O vermelho - sempre em contraste com o branco -, deve transmitir os significados mais escancarados do filme - e no geral, deve ser a coisa mais escancarada e menos ilusória que Bergman já fez. É dual: o vermelho representa de forma mais evidente a presença da riqueza material da realeza na vida das personagens, cor exuberante que carrega consigo até certo escarnio; e em segundo lugar faz alegorias as impurezas dos personagens, reproduzindo sexualidade, desejo e acima de tudo perversão. Desconstruindo o bastião exterior cristalino que carregam as figuras femininas (mesmo que opressadas pelos maridos e pela sociedade da época) - e pessoas do alto escalão social; e isso ganha força em algumas cenas em destaque: como a cena em que Maria seduz o padre, ou quando a taça de vinho se quebra e um estilhaço de vidro se opõe ao vermelho do vinho sobre a mesa - coberta por uma toalha branca. Pois é assim mesmo que a imagem funciona no Cinema, como uma mensagem instantanea que inconscientemente trespassa o olhar do espectador, e de vez em outra, filmes como esse, acertam em cheio na sua utilização.

A concepção dos abstratismos e seus significados - algo costumeiro do diretor -, já são digno de admiração, que perspassam apenas as suas intenções, quando realmente se relevam em suas funções, se tornando puro brilhantismo, principalmente neste filme - cujo é o objetivo deste texto, fazer uma obra-prima como esta, ser admirada e respeitada como merece; todos os temas tratados por aqui são irradiados, se propagam em uma visão panorâmica e bela da própria vida - pronto, falei, por mais clichê que seja, estou mesmo apaixonado. Como dito, é um filme que ganha dimensões maiores que já tinha estabelecido à cada frame, que se transcende e não tem fim mesmo após o seu derradeiro - e lindo - final.

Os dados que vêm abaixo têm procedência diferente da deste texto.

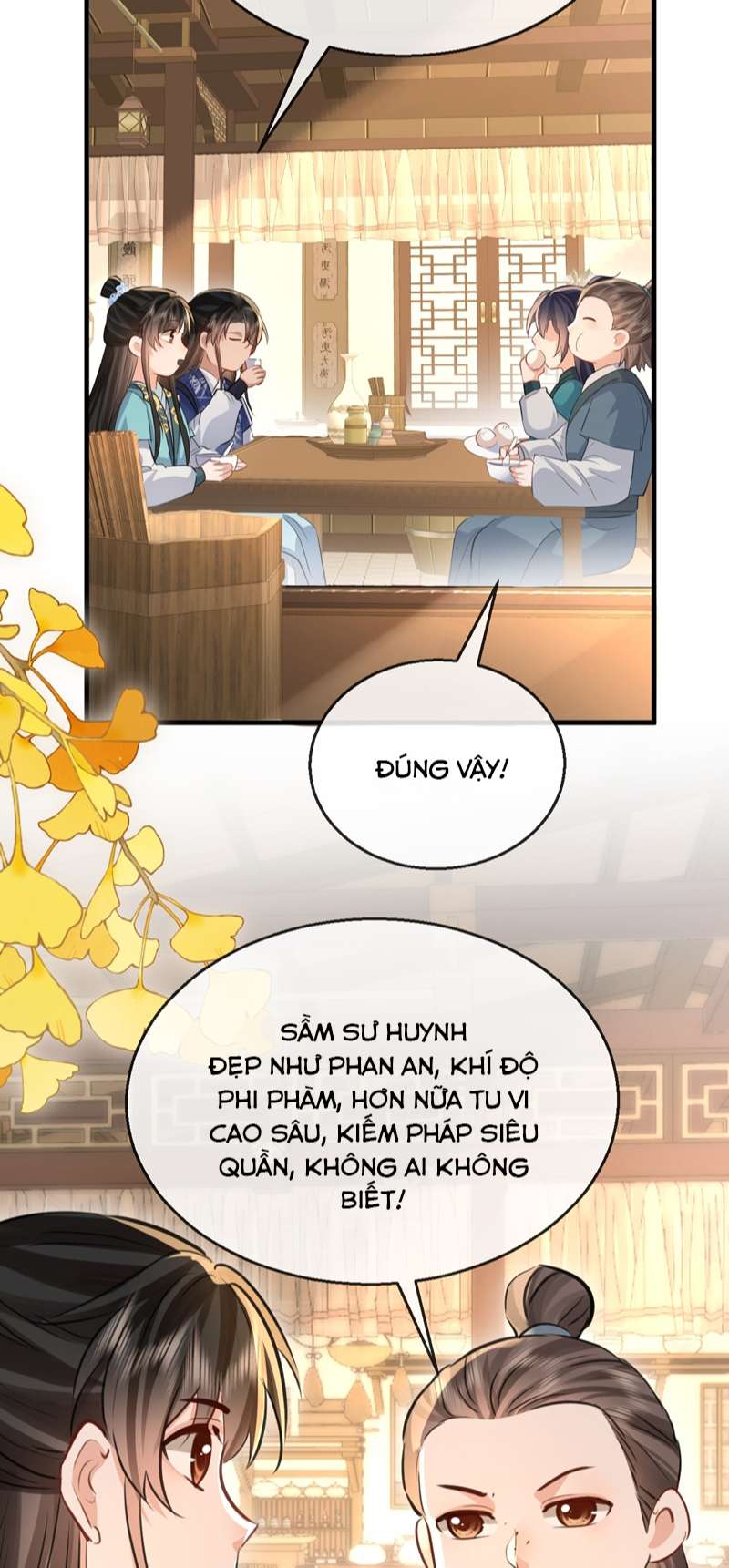 Ma Tôn Đại Nhân Song Tu Không Chap 30 - Next Chap 31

E eu podia fazer um texto de 20 paragrafos explicitando minha admiração passional pelo filme, a ponto que minhas palavras - e consequentemente meu texto -, se tornaria totalmente coloquial e inadequado. Enfim, é um filme para ser visto e revisto - e provavelmente ganharia mais dimensões ao ser feito. Também deve ser o filme que melhor sintetiza o Cinema de Ingmar Bergman - cujo algumas interpretações indicam que se trata de uma filmografia um tanto misantropa, e eu discordo totalmente. Um Cinema que caminha mesmo através da tristeza e infelicidade, mas no fim das contas sendo um libelo ao minimalismo da vida. Complexo, encantador, genial e apaixonante. Um dos melhores filmes já feito.